> [TASK DESCRIPTION]
Only an exact copy of the records, from the line with "Villa Monsena Ровінь Екстер'єр фото" through the last line, is wanted.

> [GIVEN INFORMATION]
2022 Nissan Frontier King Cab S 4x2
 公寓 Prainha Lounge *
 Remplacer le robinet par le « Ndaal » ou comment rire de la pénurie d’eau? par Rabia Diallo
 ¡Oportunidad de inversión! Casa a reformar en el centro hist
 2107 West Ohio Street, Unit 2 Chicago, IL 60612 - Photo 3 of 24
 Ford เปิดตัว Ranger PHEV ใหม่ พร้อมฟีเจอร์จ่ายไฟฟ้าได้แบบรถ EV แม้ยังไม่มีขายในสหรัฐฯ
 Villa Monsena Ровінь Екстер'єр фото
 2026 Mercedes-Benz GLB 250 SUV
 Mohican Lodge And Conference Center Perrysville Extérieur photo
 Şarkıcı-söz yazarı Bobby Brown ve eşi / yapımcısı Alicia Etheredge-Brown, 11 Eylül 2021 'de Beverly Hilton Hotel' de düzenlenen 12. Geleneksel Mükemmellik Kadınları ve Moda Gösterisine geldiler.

> [RESPONSE BELOW]
 Villa Monsena Ровінь Екстер'єр фото
 2026 Mercedes-Benz GLB 250 SUV
 Mohican Lodge And Conference Center Perrysville Extérieur photo
 Şarkıcı-söz yazarı Bobby Brown ve eşi / yapımcısı Alicia Etheredge-Brown, 11 Eylül 2021 'de Beverly Hilton Hotel' de düzenlenen 12. Geleneksel Mükemmellik Kadınları ve Moda Gösterisine geldiler.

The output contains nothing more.